P.K.K. Ahmed Kutty Maulavi, chief  imam was unmoved, “ I cannot deny what the Prophet has sanctioned. Islam allows women to pray in mosques,”
 
I would rather leave the question of propriety of allowing women praying inside mosques to the religious leaders. But I do not think it proper to allow women to pray with men. There should be separate arrangements for women’s prayer. We have, in Poonthura, made such arrangements in different homes”, says the lone People’s Democratic Party corporator, Poonthura Siraj.
 
The chief imam, Ahmed  Kutty Maulavi, known for his erudition and catholicity, responds: “It is a bitter truth that the leaders are misleading the flock. What about mosques in Mecca and Medina being open to women?

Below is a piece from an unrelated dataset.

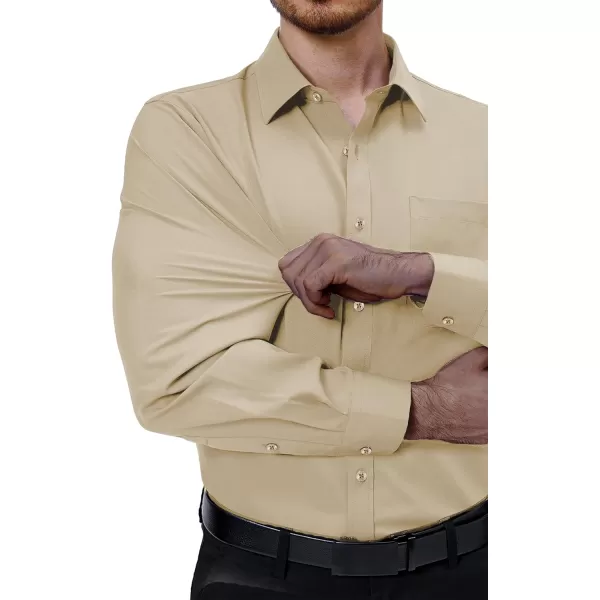 Alimens &amp; Gentle Mens Dress Shirts 4-Way Stretch Long Sleeve Collared Casual Solid Wedding Dating Button Down Shirt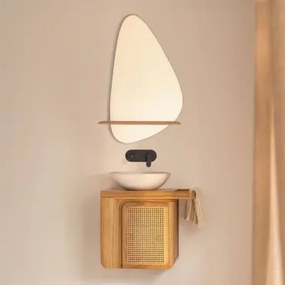 Conjunto De Móveis De Banheiro Suspensos Em Madeira De Teca Georgy Madeira De Teca & Cimento Redondo Branco Ø40 Cm Zavion & Irregular - Sklum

Nearer home, have been praying in mosques in Malabar. Where is the justice or reason for denying women here the same right?”
 
“The decision to let the women in was taken by the Palayam Jamaath after considering all the pros and cons,” the pro-change Maulavi told Combat. “I shall withdraw the permission if the opponents bring me scriptural proof denying women the right to enter mosques. They could not and that is why they are howling outside”.
 
According to the chief imam, Qurtubi, Vol-I, by Saalim, a Koran exponent and  contemporary of the Prophet, says on page 465, “If women seek your consent to go to the  mosque to pray, you should not prevent them”. Again, Abdulla- Bin Umer quotes Ummusalama, one of the Prophet’s wives, “We women used to go with the Prophet to the mosque to pray five times. After the prayer we would leave first. The Prophet and men would wait for a while till we cleared”.
 
Other Hadiths, too, say in different contexts that women have equal rights as men to pray in mosques.
 
“These men”, says the Imam, “are like the proverbial four blind men who felt the elephant first time. They do not try to learn the absolute truth. Gender parity is central to Islam, only misinterpretation has resulted in skewed justice”.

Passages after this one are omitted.